> ASSIGNMENT
Please transcribe only the lines between the one containing "X0000081620649200701151056" and the end of the records, both ends included, exactly as written; skip every picture.

BEGIN ENTRIES SHOWN

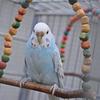 DSC 0045 (Copy) - My parrots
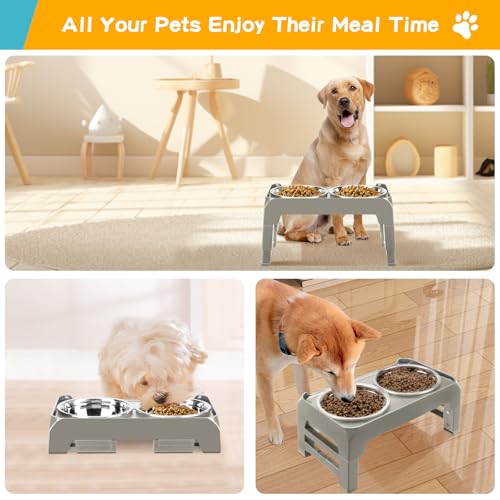 Elevated Dog Bowls for Small Dogs 3 Height Adjustable Raised Dog Bowl Stand with 25oz Stainless Steel Food Bowls Anti (Light Brownish Gray / 6" for Small Dogs)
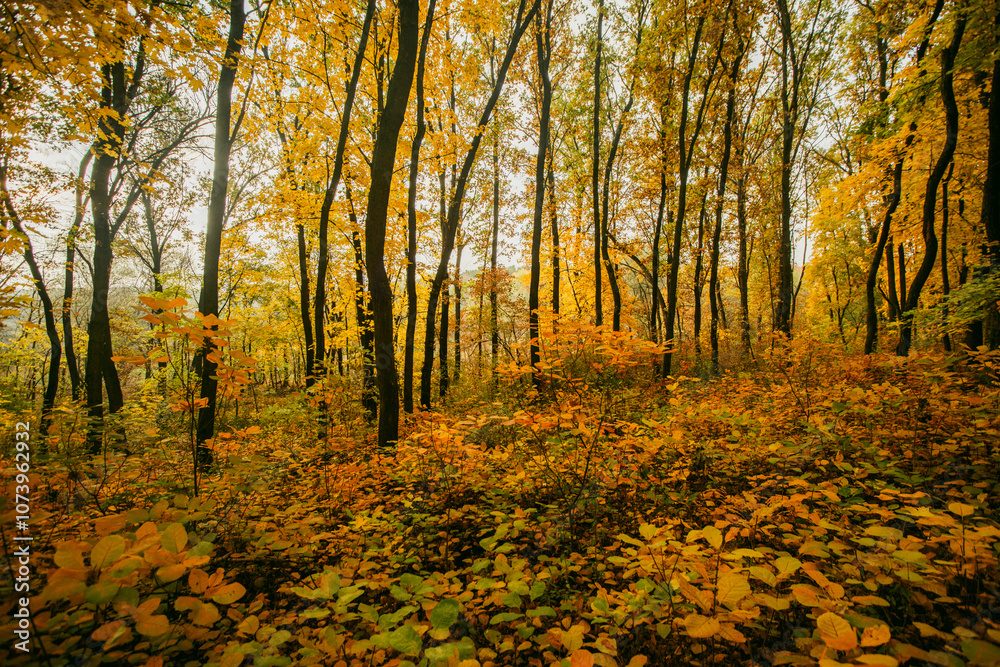 Fototapeta premium Beautiful autumn forest at the morning,colorful picyure with a lot of arange and yellow colors.Autumn landscape in the woodlands.Maple trees in the forest , orange forest .Fall landscape . 
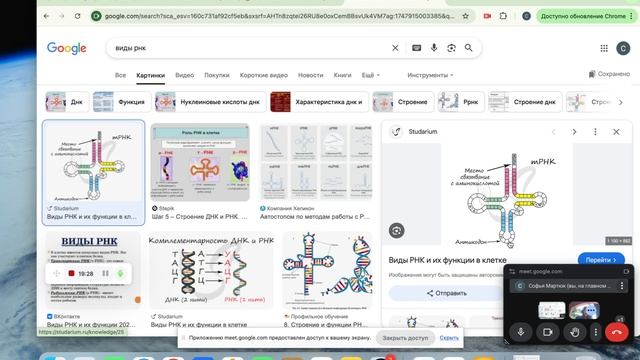 Recorded video - May 22, 2025 смотреть онлайн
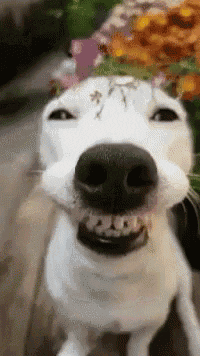 Smiling Dog GIFs - Get the best GIF on GIPHY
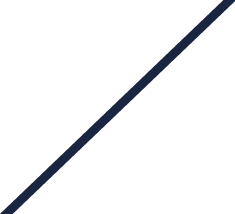 Inter-Connect GmbH | GSA & Vertrieb für Kreuzfahrtmarken in Europa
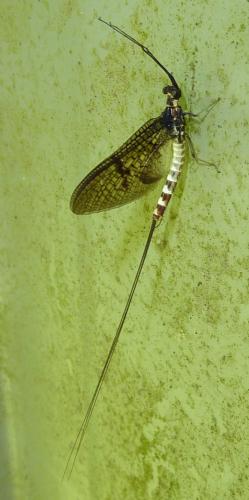 Ephemera danica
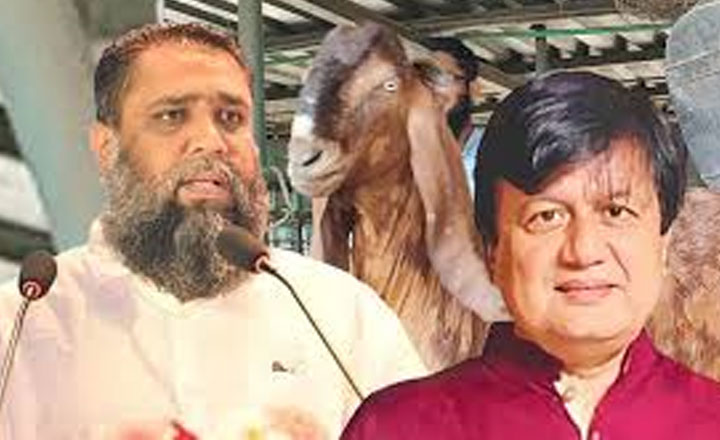  দুর্নীতির মামলায় একই কাঠগড়ায় ছাগলকাণ্ডের মতিউর ও ইমরান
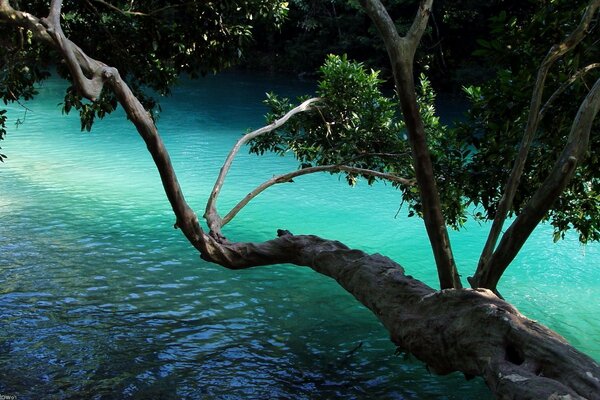 Paesaggio tropicale dell acqua e dell albero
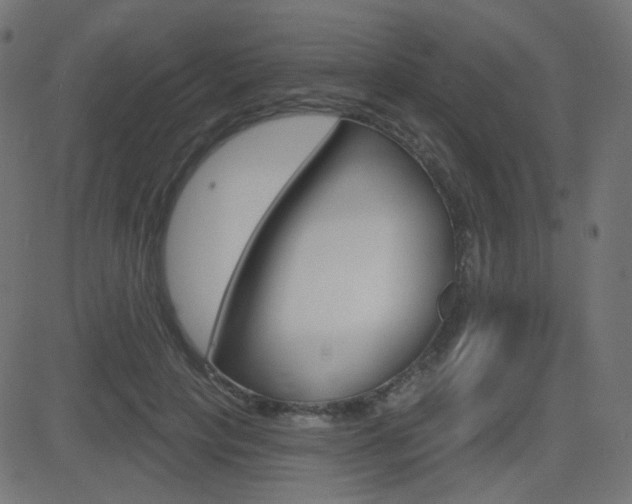 X0000081620649200701151056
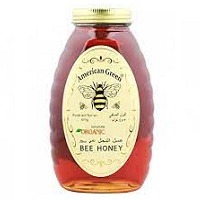 American Green Organic Honey 453gm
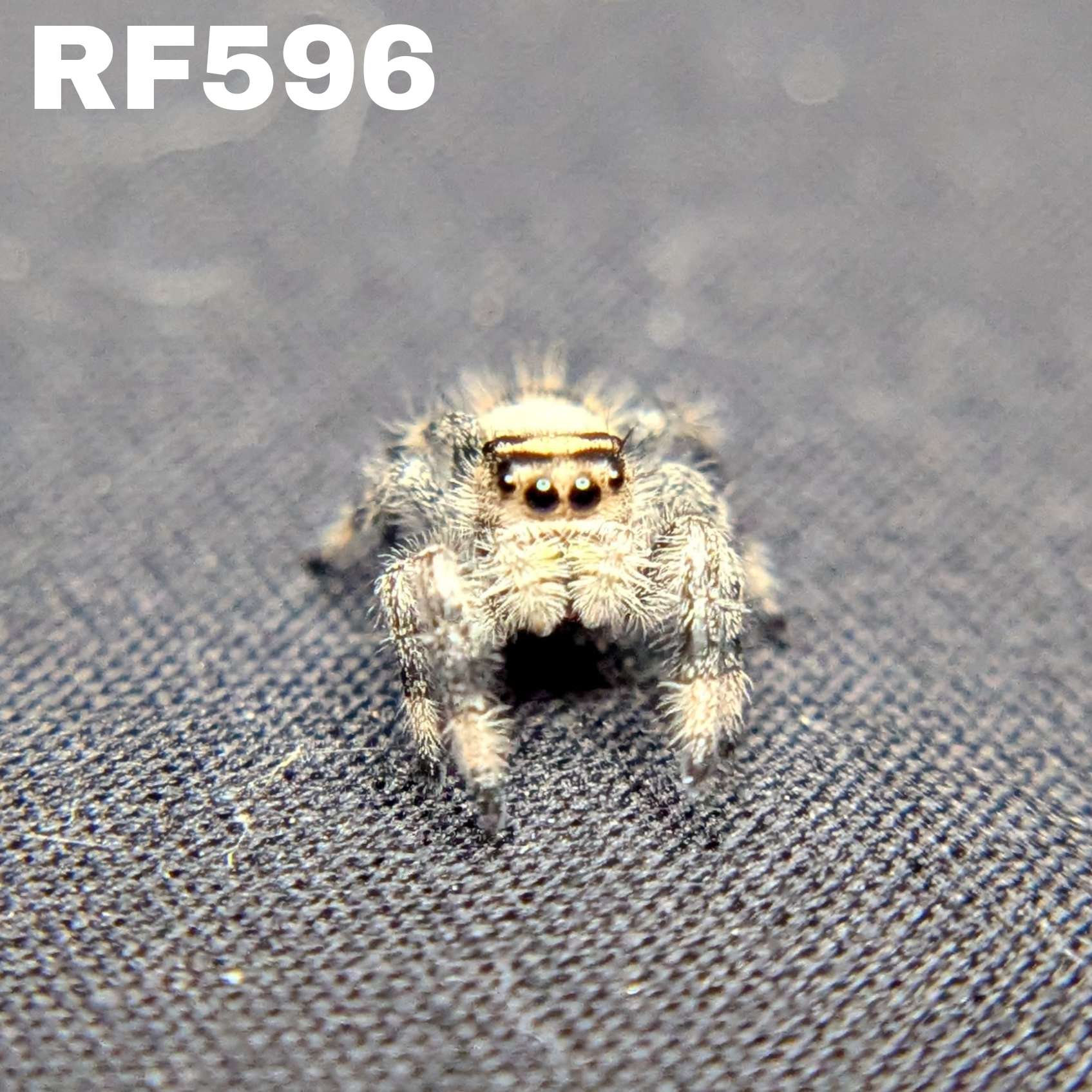 Regal Jumping Spider "Lily"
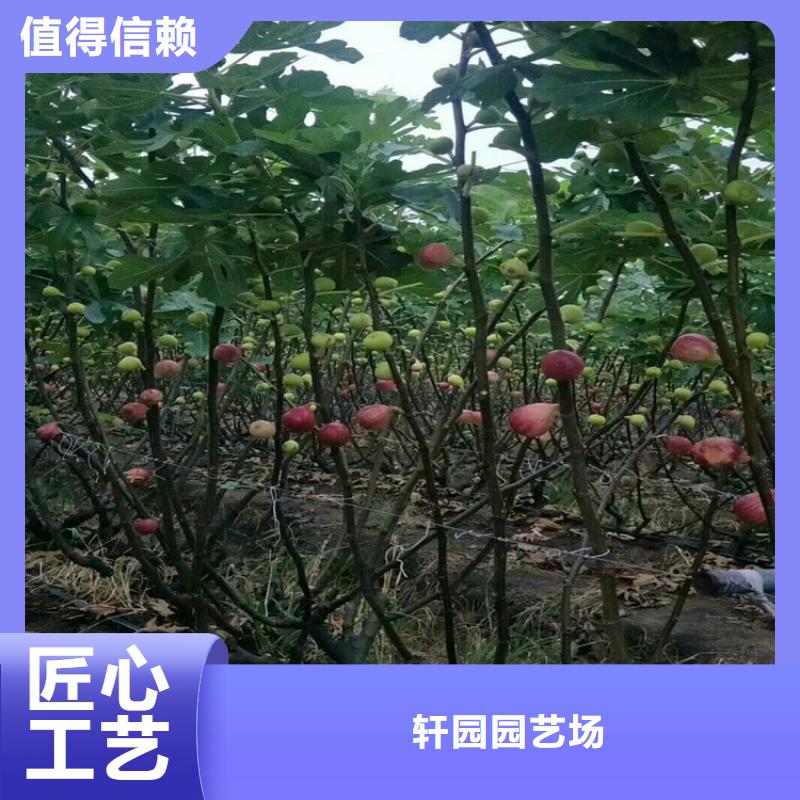 無花果櫻桃苗層層質檢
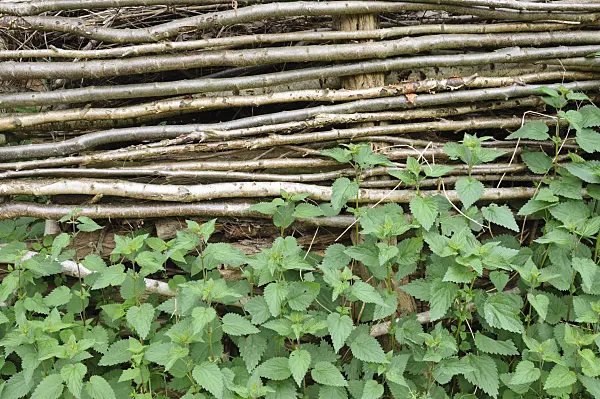 472431 - Large stinging nettle (Urtica dioica)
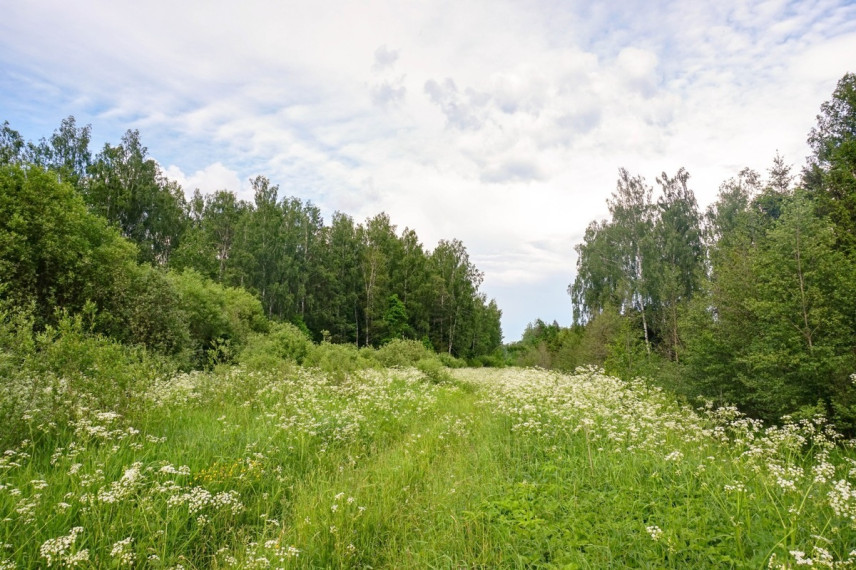 Parduodamas kitos paskirties sklypas Verslo, Maksvytiškių k., Panevėžio r. sav., 42.98 a ploto 7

END ENTRIES SHOWN

> OUTPUT OF THE EXERCISE
 X0000081620649200701151056
 American Green Organic Honey 453gm
 Regal Jumping Spider "Lily"
 無花果櫻桃苗層層質檢
 472431 - Large stinging nettle (Urtica dioica)
 Parduodamas kitos paskirties sklypas Verslo, Maksvytiškių k., Panevėžio r. sav., 42.98 a ploto 7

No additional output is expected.